BNR: After 100 years, Romania returns to similar level of relative development against other countries
After a century, Romania has returned to the same level of relative growth against other countries, calculated as per capita Gross Domestic Product (GDP), purchasing power parity based, of 59 percent of the European Union average, compared with the 67-percent EU average in 1913, according to data presented by Valentin Lazea, chief economist of the National Bank of Romania (BNR). 2017-10-31 13:34:52
"The context of the last 100 years is the following: in 1913, smaller Romania, without Transylvania and Basarabia and the subsequently rejoining provinces, had a per capita GDP purchasing power parity based equivalent to 67 per cent of the then European average, according to Professor Murgescu, who published extensively on this subject," said Lazea, according to Agerpres.
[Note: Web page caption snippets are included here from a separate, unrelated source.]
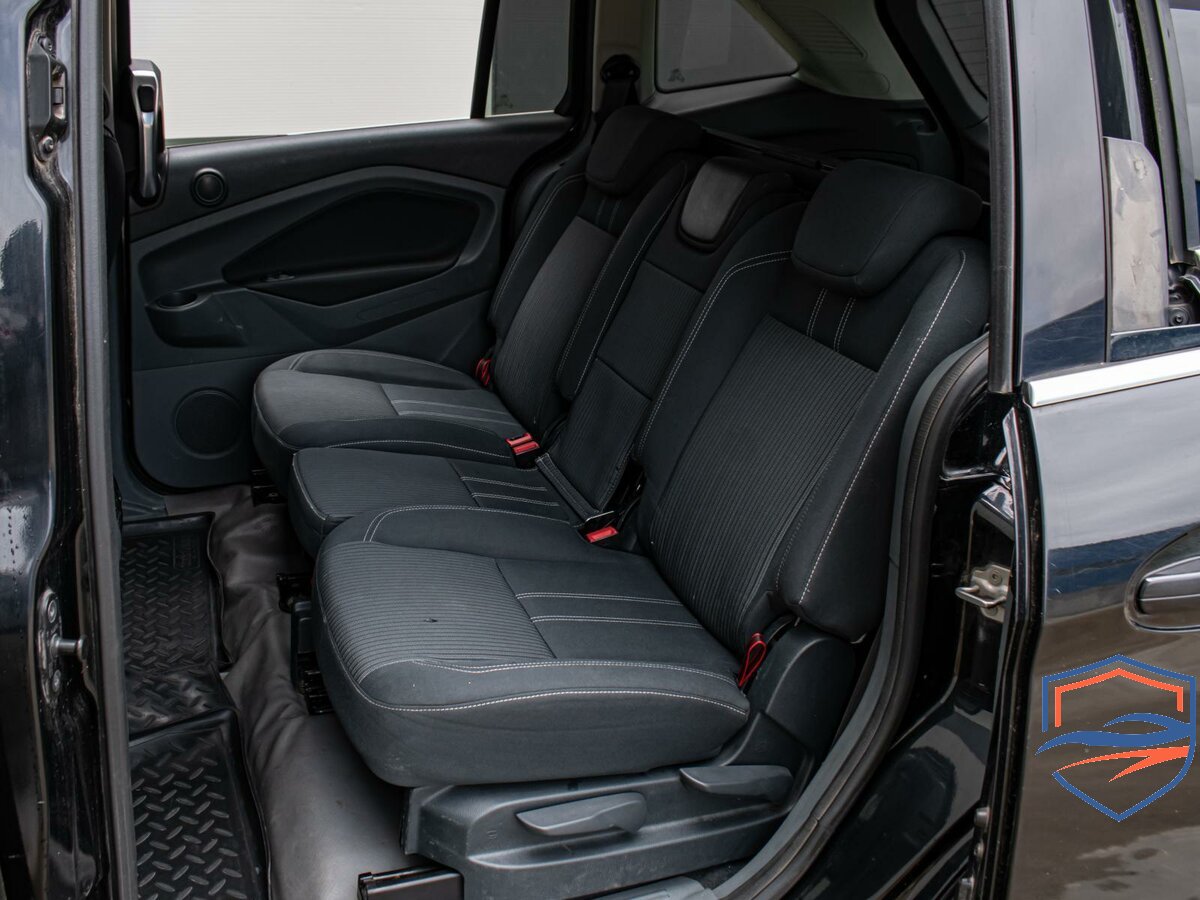 Ford - Ford C-MAX II, 2010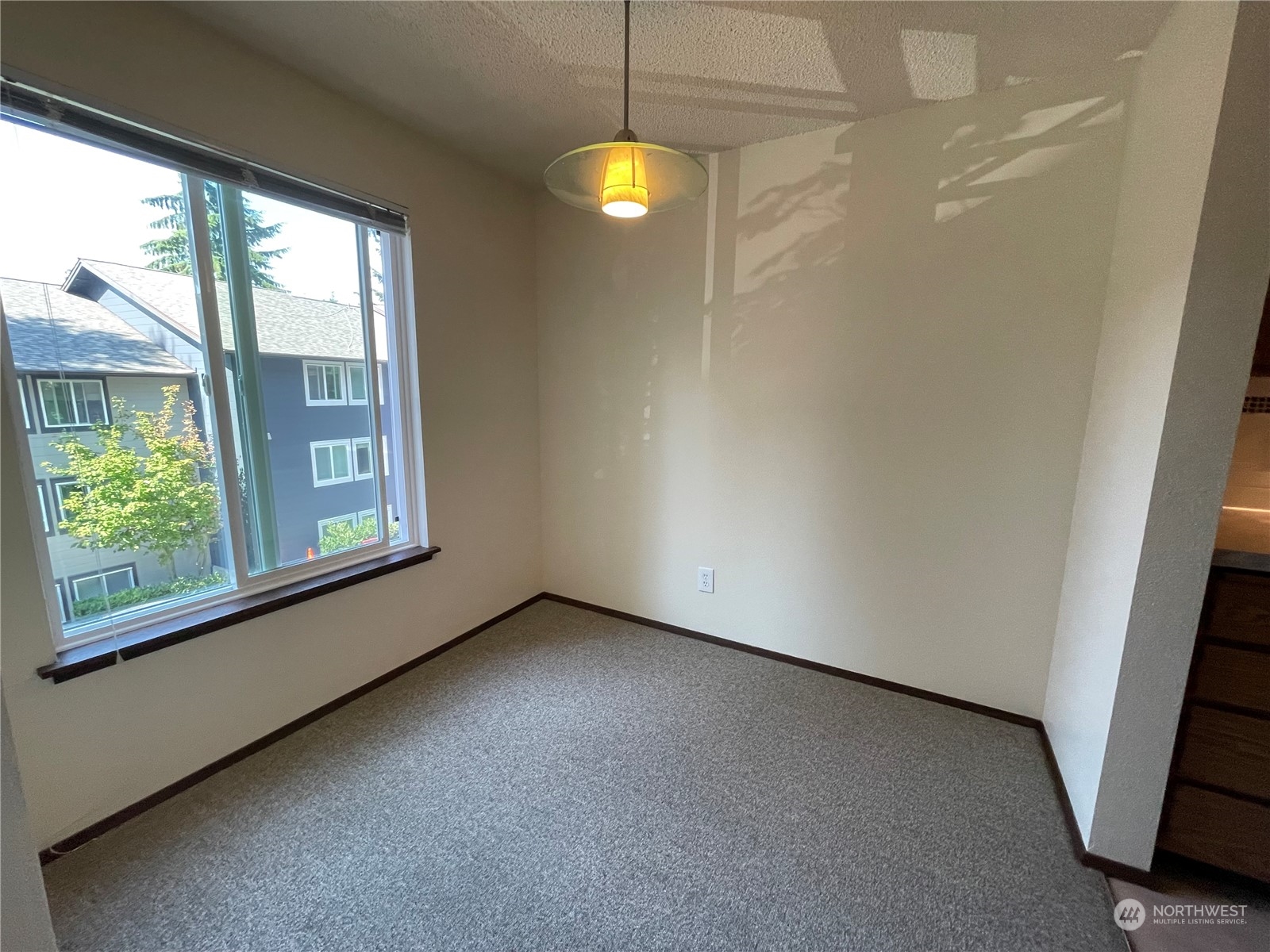 12107 Bel-Red Road, Unit D204 Bellevue, WA 98005 - Photo 3 of 19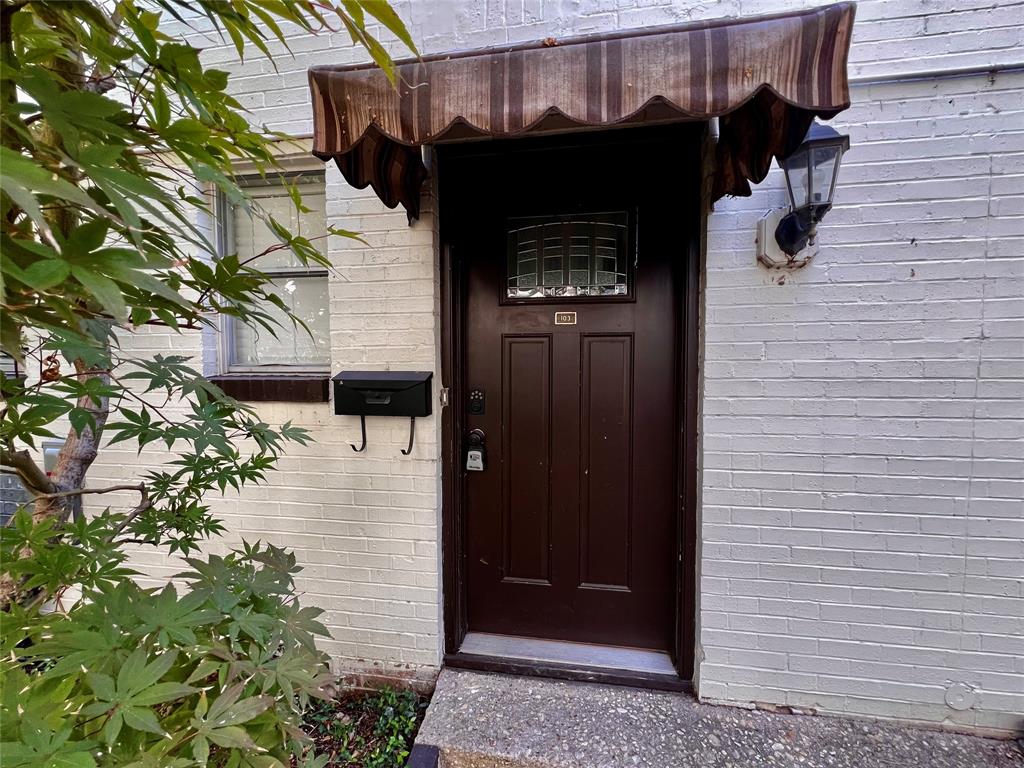 a view of entryway front of house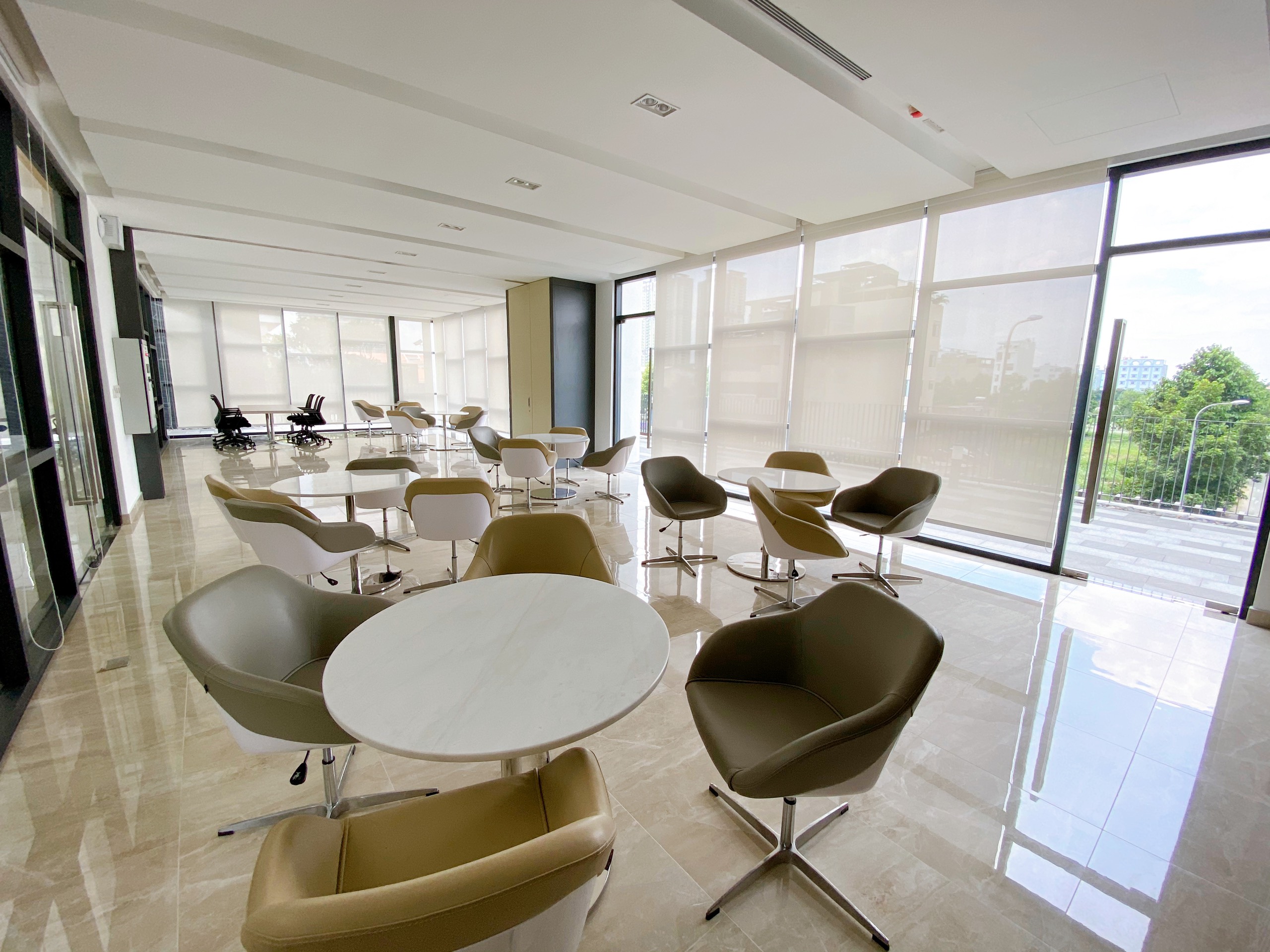 Bán căn góc 3PN chỉ 7,6 tỷ bao gồm 5% ra sổ_thumbnail_1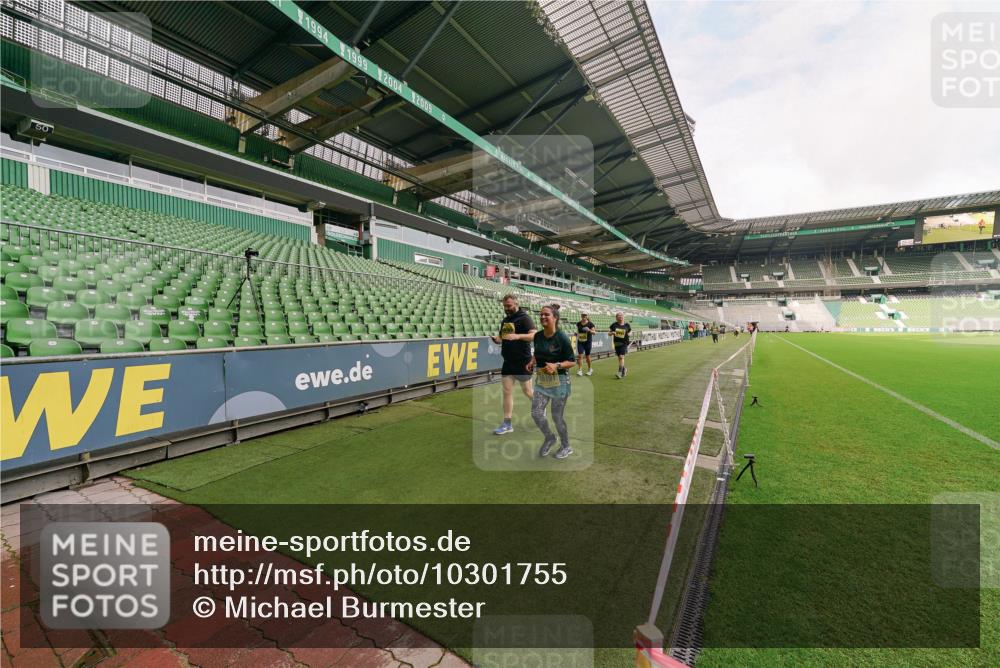 13.09.2026 - 21. swb-Marathon Bremen Michael Burmester http://msf.ph/oto/10301755 13.09.2026 10:47:50 Laufen im Stadion 10161, 10264, 10292, 10349, 10407, 10440, 10535, 10732, 10789, 10895, 10925, 10933, 10970, 11104, 11262, 11296, 11423, 11443, 11457, 11529, 11530, 11546, 11573, 11579, 11639, 11663, 11698, 12083, 12157, 12316, 12317, 12340, 12422, 12444, 12471, 12472, 12542, 12561, 10004, 10005, 10176, 10191, 10192, 10194, 10271, 10295, 10325, 10335, 10344, 10459, 10513, 10568, 10600, 10605, 10629, 10679, 10713, 10756, 10779, 10882, 10979, 10997, 10999, 11081, 11233, 11307 meine-sportfotos.de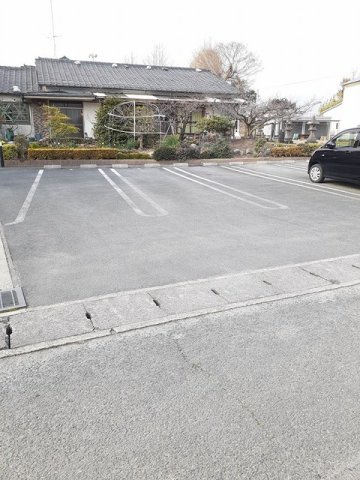 アールフォーレの駐車場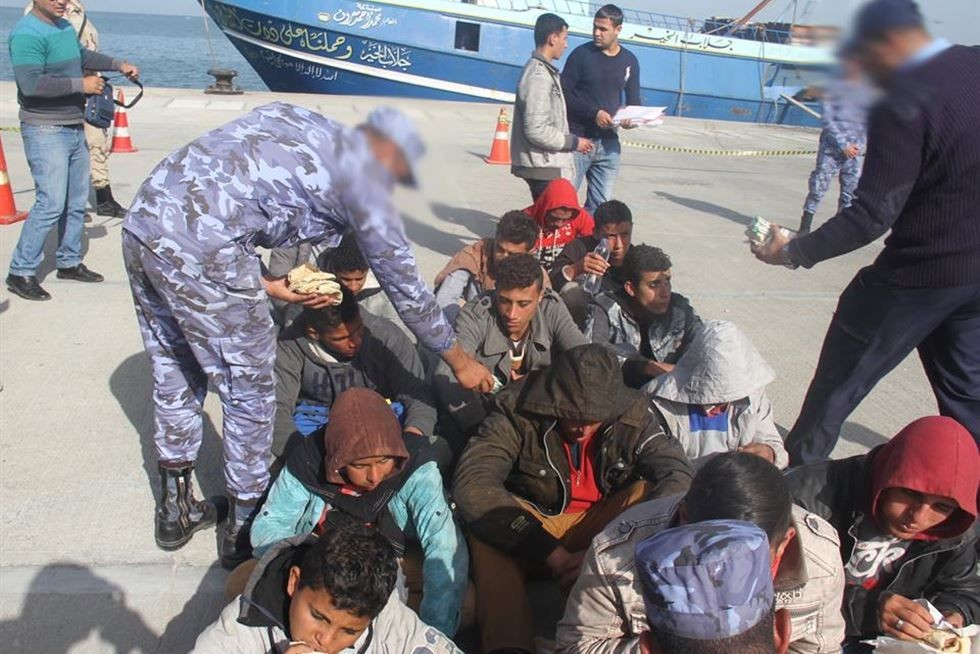 ضبط أقراص مخدرة وسجائر مسرطنة و"43" مهاجراً غير شرعياً على الحدود المصرية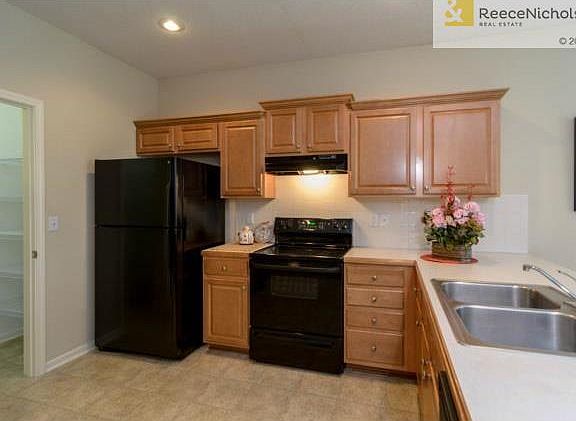 5th image of 1228 N 131st Ter
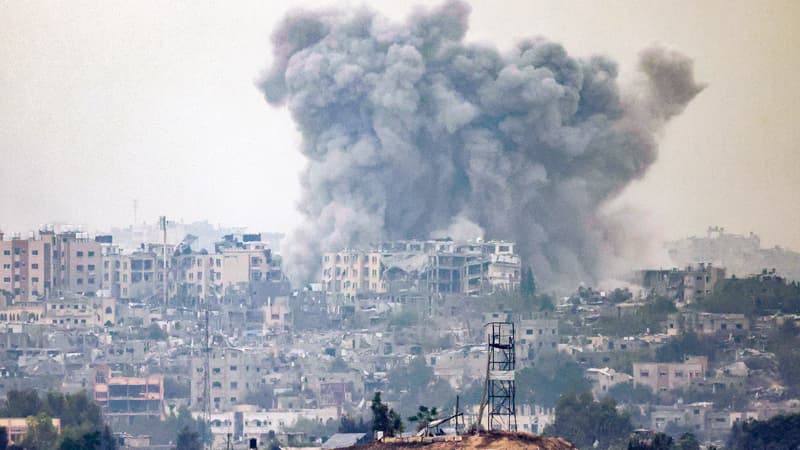 Des nuages de fumée après des frappes israéliennes, au nord de la bande de Gaza, photo prise depuis Israël, le 27 octobre 2023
"In 1938, the country lost a good part of this position. Romania still had 51 per cent of the European average, and in the years of communism, although attempts were made at forceful industrialisation by trying to modernise the economy, the GDP PPP-based dropped to 32 per cent, precisely because the communist economy has some inherent, fundamental flaws related to the non-promotion of innovation and the lack of entrepreneurship. In 2000, after the first ten years of transition, the indicator had dropped to 26 per cent of the European Union average. At the end of last year, in 2016, the per capita GDP PPP-based again reached 59 percent of the European Union average. We can say that after a century, Romania has returned to the same level of relative development against other countries," Lazea told the Foreign Investors Summit.
He argues that, if we look at the last 25 years, the years after the December 1989 Revolution, we can see some progress that is indisputable. Thus, the GDP has increased more than four times; inflation has fallen from almost 40 per cent to minus 0.6 per cent in 2015. Unemployment has been more or less constant, apart from a peak in 2000.